To do: Instruction for the listing below: copy exactly, and only, the lines from the one holding "All right, so" through its last line, omitting any picture.

Data supplied:
=-=-=-=-=
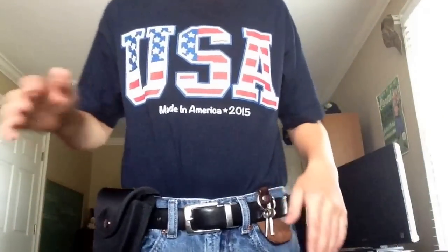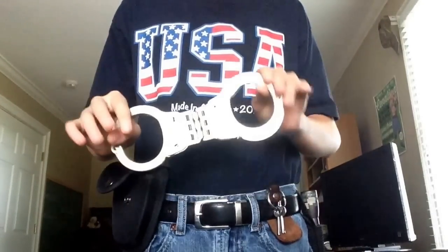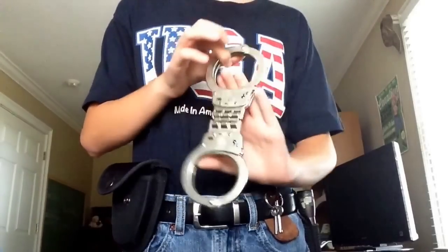Okay, this is my duty belt. First I have Smith & Wesson Hinged Cuffs. Great cuffs, I would recommend you getting these.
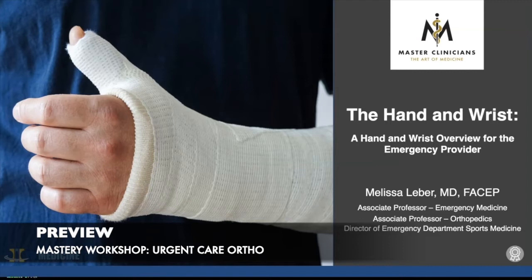Hi, I'm Dr. Melissa Lieber, and today I'll be speaking to you about hand and wrist injuries for the emergency provider.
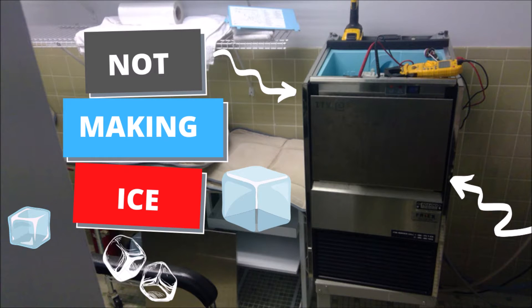All right, so I have an ice machine today that's not making any ice, so let's go see what's going on. Here's the unit in question - fire it up and we get this red danger light, so let's go figure out what that's for.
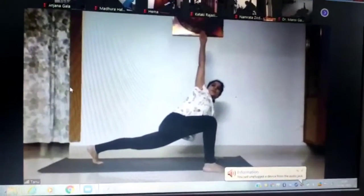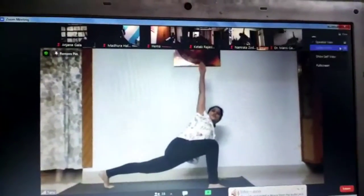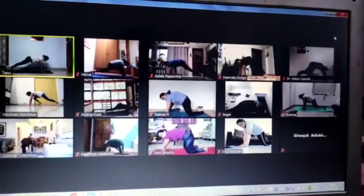Very good. 4, 3, 2, 1. Slowly, right hand down. Right leg back. Line position.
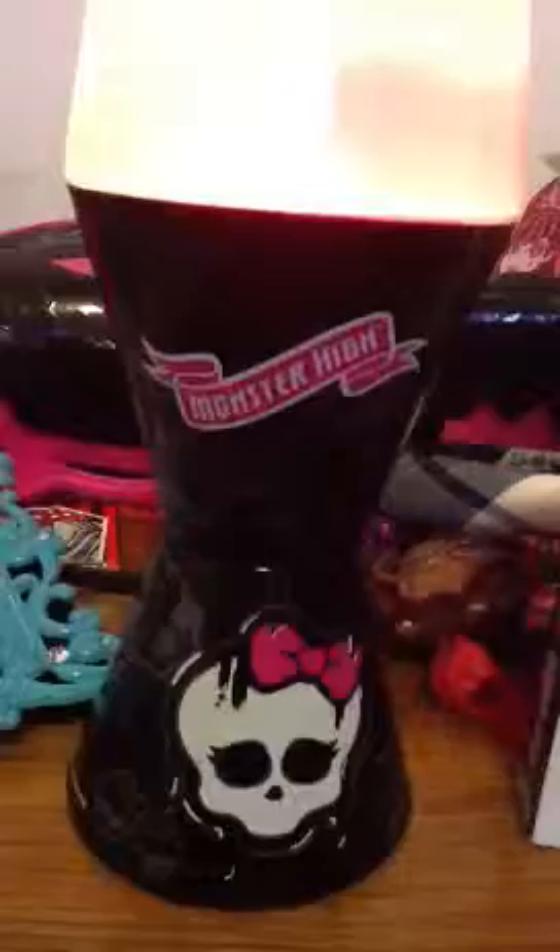It has the Monster High Skelette on it, and it says 'Monster High' right here. People are saying it's not real, but it actually is, because right here it says Mattel, and here it has a Monster High skull right here.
=-=-=-=-=
Worked solution:
All right, so I have an ice machine today that's not making any ice, so let's go see what's going on. Here's the unit in question - fire it up and we get this red danger light, so let's go figure out what that's for.
Very good. 4, 3, 2, 1. Slowly, right hand down. Right leg back. Line position.
It has the Monster High Skelette on it, and it says 'Monster High' right here. People are saying it's not real, but it actually is, because right here it says Mattel, and here it has a Monster High skull right here.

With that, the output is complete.